I'm most fond of the precommitment argument. You say:
You could argue that you would have pre-commited to paying if you had known about the situation ahead of time. True, but you didn't pre-commit and you didn't know about it ahead of time, so the burden is on you to justify why you should act as though you did. In Newcomb's problem you want to have pre-committed and if you act as though you were pre-committed then you will find that you actually were pre-committed. However, here it is the opposite. Upon discovering that the coin came up tails, you want to act as though you were not pre-commited to pay and if you act that way, you will find that you actually were indeed not pre-commited.
I do not think this gets at the heart of the precommitment argument. You mention cousin_it's argument that what we care about is what decision theory we'd prefer a benevolent AI to use. You grant that this makes sense for that case, but you seem skeptical that the same reasoning applies to humans. I argue that it does.

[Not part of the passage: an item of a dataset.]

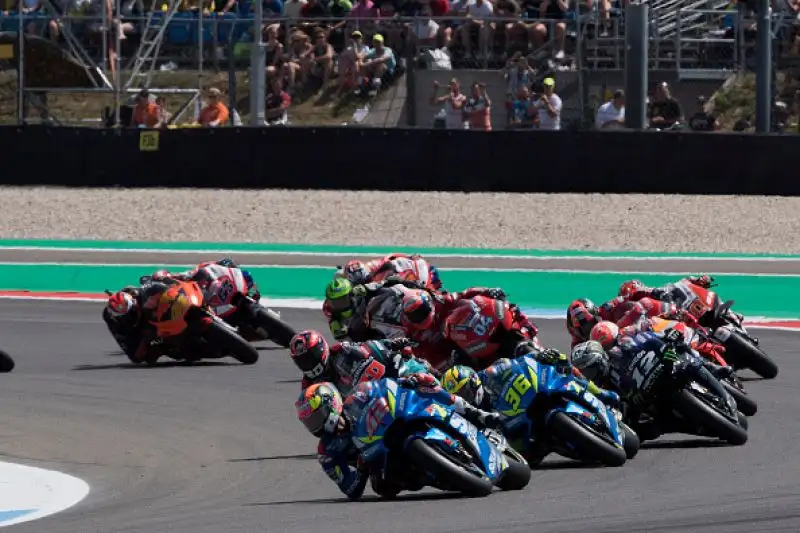 Maverick Viñales ha trionfato ad Assen. Lo spagnolo della Yamaha ha conquistato il primo successo della stagione domando il connazionale Marc Marquez, secondo.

When reasoning abstractly about decision-making, I am (in part) thinking about how I would like myself to make decisions in the future. So it makes sense for me to say to myself, "Ah, I'd want to be counterfactually mugged." I will count being-counterfactually-mugged as a point in favor of proposed ways of thinking about decisions; I will count not-being-mugged as a point against. This is not, in itself, a precommitment; this is just a heuristic about good and bad reasoning as it seems to me when thinking about it ahead of time. A generalization of this heuristic is, "Ah, it seems any case where a decision procedure would prefer to make a commitment ahead of time but would prefer to do something different in the moment is a point against that decision procedure". I will, thinking about decision-making in the abstract as things seem to me now, tend to prefer decision procedures which avoid such self-contradictions.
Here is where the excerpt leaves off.